Certainly, the policies of Xi Jinping would not come down on them and arrest some of our U.S. athletes should they take a position against the Chinese in China. And maybe it’s our best way of doing it, because diplomatically, this administration is unwilling to do it.

This administration won’t go there. That’s why I’ve said, I think a diplomatic boycott is a soft, weak move that shows how tepid the United States is currently towards China. And I’m with you, I hope our athletes, if they go, should they go, and it sounds currently they will, we’ll take on anti-Chinese measures and maybe they’ll wear ribbons or pins, like so many people do. Maybe they’ll call out American companies like Nike, who profit off the backs of these Chinese measures that are so anti-American and anti-democratic.

Mr. Jekielek: I’m going to mention something, so I see this actually, you said anti-Chinese and I think of it as anti-Chinese Communist Party, but actually pro Chinese.

Mr. Patel: You’re right.

Mr. Jekielek: Right. But it’s interesting, it’s very easy, and this is one of the biggest, you can call it propaganda because in my mind that the CCP has achieved. They keep conflating to the Chinese people and to the world the CCP is China. The CCP is your mother.

Mr. Patel: Absolutely.

Mr. Jekielek: And if you do something against the government, you’re hurting the feelings of the Chinese people. You’re doing something against the communist party, which is literally above the government, you’re hurting the feelings of the Chinese people. Diplomats hear this sort of thing all the time and are actually deathly afraid of it.

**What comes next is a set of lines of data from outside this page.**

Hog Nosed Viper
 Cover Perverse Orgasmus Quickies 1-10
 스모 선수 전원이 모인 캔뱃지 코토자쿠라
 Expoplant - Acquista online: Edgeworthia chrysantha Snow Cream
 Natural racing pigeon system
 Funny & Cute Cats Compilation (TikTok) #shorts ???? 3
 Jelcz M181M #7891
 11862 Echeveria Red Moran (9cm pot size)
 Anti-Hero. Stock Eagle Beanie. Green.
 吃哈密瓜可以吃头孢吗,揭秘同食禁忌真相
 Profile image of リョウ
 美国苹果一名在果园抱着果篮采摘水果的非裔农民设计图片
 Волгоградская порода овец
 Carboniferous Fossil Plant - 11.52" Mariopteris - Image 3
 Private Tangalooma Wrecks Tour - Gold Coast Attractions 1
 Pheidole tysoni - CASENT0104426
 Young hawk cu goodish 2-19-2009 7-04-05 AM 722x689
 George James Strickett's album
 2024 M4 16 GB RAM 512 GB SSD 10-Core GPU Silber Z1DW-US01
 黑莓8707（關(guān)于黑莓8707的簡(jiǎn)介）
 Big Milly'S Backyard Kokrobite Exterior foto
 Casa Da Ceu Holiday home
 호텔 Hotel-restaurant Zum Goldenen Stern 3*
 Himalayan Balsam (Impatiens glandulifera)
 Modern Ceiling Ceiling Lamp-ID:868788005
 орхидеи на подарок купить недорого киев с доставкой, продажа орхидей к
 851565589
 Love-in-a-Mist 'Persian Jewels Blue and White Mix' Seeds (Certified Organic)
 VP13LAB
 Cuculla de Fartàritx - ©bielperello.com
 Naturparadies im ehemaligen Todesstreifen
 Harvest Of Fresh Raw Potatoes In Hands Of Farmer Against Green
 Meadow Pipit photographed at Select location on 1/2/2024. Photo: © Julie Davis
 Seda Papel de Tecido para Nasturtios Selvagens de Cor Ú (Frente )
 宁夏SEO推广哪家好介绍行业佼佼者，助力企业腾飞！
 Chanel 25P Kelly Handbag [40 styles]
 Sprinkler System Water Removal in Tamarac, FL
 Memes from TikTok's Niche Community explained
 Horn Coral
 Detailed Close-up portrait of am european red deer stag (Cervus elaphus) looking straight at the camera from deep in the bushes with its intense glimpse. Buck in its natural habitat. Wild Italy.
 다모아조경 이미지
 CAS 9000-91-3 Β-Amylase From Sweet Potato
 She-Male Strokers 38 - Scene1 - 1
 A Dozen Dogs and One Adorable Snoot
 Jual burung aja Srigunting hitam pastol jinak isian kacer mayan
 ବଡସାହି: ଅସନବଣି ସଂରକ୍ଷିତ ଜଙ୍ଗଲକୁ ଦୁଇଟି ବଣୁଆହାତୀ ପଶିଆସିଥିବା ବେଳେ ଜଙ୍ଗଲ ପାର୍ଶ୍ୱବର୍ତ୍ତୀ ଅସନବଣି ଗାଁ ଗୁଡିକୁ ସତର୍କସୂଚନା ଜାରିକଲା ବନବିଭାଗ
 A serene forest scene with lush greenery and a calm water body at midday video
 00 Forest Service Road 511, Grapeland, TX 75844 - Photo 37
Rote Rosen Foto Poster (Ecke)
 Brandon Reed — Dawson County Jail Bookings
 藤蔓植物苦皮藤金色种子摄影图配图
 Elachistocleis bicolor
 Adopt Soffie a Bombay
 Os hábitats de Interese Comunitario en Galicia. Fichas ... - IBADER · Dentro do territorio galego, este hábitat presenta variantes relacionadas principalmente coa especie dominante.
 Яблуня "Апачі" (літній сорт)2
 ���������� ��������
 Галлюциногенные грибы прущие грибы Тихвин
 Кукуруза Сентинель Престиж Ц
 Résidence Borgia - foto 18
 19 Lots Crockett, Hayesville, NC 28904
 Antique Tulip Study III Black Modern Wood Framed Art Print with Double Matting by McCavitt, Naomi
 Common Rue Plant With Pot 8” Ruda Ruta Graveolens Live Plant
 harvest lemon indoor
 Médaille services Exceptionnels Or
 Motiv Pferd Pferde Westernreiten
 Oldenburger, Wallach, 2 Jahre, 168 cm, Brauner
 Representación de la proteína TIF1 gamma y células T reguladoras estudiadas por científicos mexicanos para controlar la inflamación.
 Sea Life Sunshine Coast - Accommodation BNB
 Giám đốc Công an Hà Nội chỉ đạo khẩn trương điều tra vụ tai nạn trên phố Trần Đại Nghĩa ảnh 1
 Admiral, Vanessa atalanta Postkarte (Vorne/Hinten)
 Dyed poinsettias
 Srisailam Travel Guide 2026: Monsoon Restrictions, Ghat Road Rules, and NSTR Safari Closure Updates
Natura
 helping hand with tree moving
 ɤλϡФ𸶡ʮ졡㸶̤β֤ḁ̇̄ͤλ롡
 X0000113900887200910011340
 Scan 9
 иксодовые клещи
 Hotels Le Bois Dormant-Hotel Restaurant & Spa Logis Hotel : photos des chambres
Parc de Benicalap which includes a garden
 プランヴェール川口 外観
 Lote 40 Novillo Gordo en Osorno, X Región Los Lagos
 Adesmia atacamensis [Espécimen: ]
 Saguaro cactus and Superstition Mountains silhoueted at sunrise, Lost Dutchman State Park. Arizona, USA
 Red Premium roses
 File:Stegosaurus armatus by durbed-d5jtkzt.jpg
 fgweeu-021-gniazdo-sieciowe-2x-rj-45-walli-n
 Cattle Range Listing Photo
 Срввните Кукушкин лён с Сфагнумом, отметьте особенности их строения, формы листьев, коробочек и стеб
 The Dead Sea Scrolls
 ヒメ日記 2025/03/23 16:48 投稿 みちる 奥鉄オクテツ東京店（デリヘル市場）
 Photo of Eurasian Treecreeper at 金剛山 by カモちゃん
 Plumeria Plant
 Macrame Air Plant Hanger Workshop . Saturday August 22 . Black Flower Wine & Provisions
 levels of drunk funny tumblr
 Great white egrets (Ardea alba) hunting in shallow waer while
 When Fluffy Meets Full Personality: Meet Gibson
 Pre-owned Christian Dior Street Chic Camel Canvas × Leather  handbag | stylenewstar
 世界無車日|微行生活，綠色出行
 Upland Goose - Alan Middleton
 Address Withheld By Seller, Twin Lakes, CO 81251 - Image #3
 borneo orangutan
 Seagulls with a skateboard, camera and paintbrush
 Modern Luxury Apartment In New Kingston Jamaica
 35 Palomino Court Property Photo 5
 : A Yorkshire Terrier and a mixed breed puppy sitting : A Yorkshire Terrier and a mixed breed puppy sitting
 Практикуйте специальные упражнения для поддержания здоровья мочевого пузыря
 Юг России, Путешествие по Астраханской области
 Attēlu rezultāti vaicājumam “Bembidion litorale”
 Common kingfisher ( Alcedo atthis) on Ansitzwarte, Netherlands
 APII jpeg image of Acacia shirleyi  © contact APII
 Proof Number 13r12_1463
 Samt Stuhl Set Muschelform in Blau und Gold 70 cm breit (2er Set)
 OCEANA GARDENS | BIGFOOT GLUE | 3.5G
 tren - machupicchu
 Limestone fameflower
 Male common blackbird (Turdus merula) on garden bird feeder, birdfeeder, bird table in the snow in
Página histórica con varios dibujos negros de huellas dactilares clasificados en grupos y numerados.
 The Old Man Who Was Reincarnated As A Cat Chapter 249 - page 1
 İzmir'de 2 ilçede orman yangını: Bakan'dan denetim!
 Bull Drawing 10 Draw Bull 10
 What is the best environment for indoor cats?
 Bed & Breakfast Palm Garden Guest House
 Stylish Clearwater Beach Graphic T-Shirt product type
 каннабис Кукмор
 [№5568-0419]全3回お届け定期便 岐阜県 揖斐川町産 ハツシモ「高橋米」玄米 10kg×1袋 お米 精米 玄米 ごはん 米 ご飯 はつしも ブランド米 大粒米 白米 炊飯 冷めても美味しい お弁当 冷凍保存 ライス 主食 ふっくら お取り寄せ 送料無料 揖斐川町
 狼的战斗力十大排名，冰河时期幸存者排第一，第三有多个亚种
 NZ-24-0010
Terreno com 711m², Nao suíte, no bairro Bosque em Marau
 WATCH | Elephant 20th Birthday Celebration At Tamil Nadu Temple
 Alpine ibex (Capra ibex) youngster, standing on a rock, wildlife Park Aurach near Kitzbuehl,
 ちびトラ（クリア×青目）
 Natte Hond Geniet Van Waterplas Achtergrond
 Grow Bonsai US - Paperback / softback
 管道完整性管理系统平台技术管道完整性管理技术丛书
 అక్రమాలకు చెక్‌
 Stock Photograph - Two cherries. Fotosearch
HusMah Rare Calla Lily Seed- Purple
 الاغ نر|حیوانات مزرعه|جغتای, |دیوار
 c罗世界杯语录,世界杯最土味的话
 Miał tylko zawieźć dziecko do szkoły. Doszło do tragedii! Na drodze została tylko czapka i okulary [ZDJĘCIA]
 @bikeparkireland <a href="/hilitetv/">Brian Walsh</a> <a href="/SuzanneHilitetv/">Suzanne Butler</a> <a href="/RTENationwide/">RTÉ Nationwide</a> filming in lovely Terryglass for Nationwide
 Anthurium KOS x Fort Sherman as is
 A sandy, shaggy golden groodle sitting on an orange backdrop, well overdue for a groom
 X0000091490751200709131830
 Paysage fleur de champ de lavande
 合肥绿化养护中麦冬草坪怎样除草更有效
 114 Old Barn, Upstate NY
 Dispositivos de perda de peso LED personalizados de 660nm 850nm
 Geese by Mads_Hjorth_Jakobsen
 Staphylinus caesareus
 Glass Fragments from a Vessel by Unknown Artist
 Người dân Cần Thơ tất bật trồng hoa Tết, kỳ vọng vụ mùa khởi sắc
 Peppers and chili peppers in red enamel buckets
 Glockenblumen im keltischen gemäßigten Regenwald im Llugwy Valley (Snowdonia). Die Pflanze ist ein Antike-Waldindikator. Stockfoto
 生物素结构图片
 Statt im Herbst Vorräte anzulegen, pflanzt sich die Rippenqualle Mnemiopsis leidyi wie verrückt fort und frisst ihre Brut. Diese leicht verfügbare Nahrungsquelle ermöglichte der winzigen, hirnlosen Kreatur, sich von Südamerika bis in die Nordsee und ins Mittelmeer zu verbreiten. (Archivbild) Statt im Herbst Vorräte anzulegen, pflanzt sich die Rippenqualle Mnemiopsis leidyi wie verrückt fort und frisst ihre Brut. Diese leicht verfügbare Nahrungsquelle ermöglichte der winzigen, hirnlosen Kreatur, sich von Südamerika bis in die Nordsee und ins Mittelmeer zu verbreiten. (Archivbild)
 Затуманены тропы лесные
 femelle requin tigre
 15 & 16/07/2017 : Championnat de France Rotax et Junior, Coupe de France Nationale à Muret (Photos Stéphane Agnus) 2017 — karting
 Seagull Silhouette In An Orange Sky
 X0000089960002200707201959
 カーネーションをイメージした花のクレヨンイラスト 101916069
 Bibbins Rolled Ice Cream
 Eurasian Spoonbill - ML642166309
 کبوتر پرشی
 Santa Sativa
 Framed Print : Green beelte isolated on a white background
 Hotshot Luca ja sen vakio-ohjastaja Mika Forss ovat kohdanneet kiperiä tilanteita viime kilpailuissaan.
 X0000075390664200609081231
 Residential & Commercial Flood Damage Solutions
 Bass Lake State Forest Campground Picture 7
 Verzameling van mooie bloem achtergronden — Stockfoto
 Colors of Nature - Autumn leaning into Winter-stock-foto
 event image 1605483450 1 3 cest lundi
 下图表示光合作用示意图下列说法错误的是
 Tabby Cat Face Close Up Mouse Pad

Mr. Patel: No, you’re right. I’ve served with a lot of Chinese Americans who… you’re 100 percent right, who have said, I love China, I just dislike the CCP. And that’s the distinction that I think you’re right that China has conflated on the world stage to just make it one cohesive unit, when it in fact is not. If we went to China and we talked to the people, I’m sure there are many, many Chinese individuals that would say we disagree with the CCP, if we’re able to talk to them quietly, because you can’t publicly attack the CCP in China without some serious consequences.

Mr. Jekielek: I believe about 380 million plus have quit the Chinese communist party or it’s related organization. So it’s of course it’s not everybody, but it’s the sizeable portion of people over the years-

Mr. Patel: It’s the population of the United States.

Mr. Jekielek: … have at least internally, because they haven’t needed to do this. This is the quit the CCP movement I’m talking about. They haven’t needed to do it publicly, but they did it at least internally. But so let’s talk about this menu. And I’ve actually been talking… I talked to a congressional member today who said, no, I think we should go to the Olympics, I think it’s a great idea. Except just like you said, I think the athletes have an opportunity to actually call out the regime when they are center stage.

That’s interesting. That’s interesting, there’s a whole menu. In my opinion, I think a diplomatic boycott is better than nothing. In fact, I think it’s a lot better than nothing, but it still gives the CCP this propaganda victory. And the thing with China is we already know from 2008, what the result of giving an Olympics to China is which of course was given to China with the promise, right? That things would change, that it would become better for all the basically minorities, the different groups that were effectively dissident because the regime was pressuring them or acting against them. Or actually I would argue even then committing genocide against them. That didn’t happen.

Mr. Patel: No.

Mr. Jekielek: Right. So why would it suddenly happen in 2022?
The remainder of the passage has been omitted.